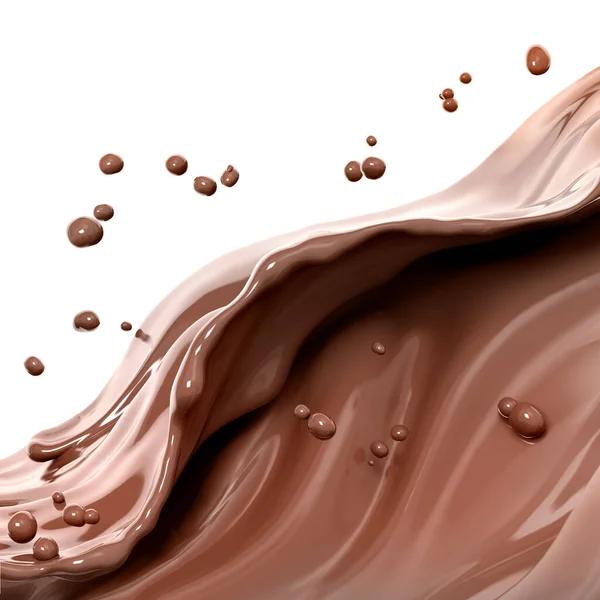 Onda Chocolate Respingo Fluxo Derramando Molho Xarope Chocolate Leite Quente — Fotografia de Stock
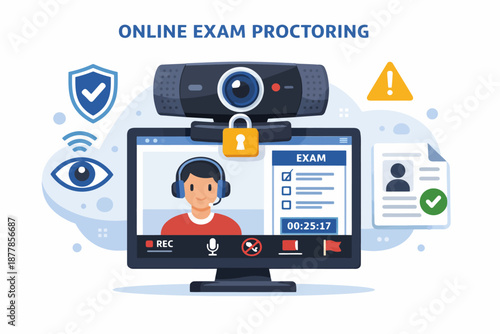 Online exam proctoring with virtual surveillance and remote monitoring technology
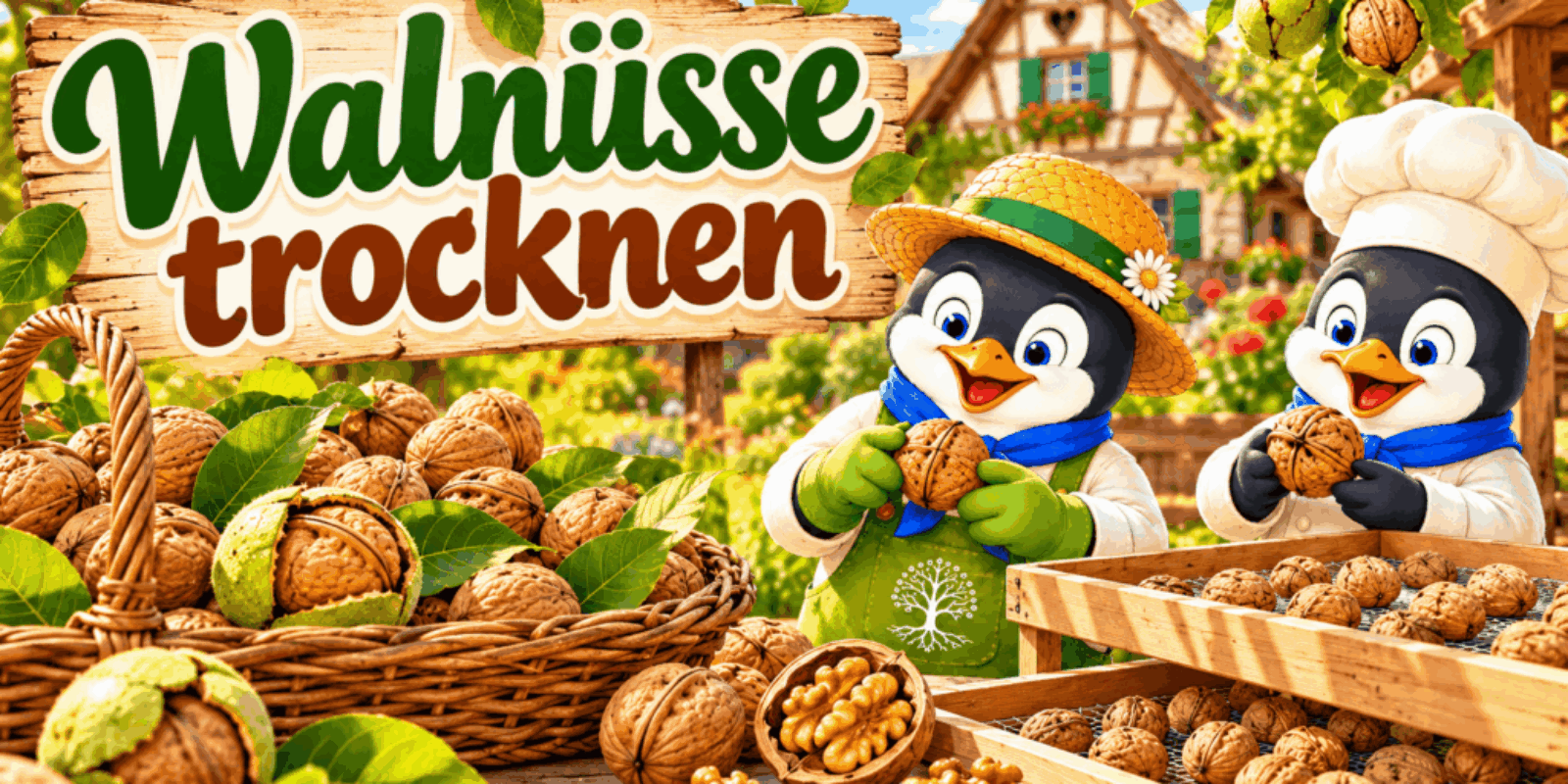 Walnüsse trocknen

|---|

* _Directions for this task_: Go through the material above and print all of it exactly, except the pictures.

* _Exercise answer_:
 Onda Chocolate Respingo Fluxo Derramando Molho Xarope Chocolate Leite Quente — Fotografia de Stock
 Online exam proctoring with virtual surveillance and remote monitoring technology
 Walnüsse trocknen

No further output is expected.